- Exercise data -
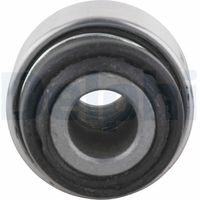 DELPHI TD213W - Suspensión, Brazo oscilante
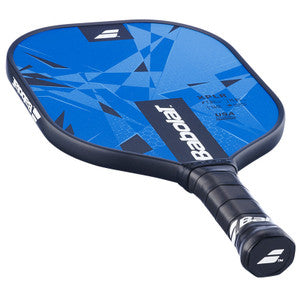 Babolat XLPR (2026) Pickleball Paddle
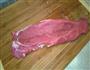西式烤猪里脊的做法图解4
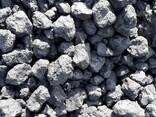 Diesel 10ppm in Tank or in Ship and Pet Coke for sale - photo 1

- Work instructions -
What you need to copy is the run of lines from the one holding "Babolat XLPR (2026) Pickleball Paddle" through the end of the data, exactly and only, both ends included, pictures omitted.

- Solution to this problem -
 Babolat XLPR (2026) Pickleball Paddle
西式烤猪里脊的做法图解4
 Diesel 10ppm in Tank or in Ship and Pet Coke for sale - photo 1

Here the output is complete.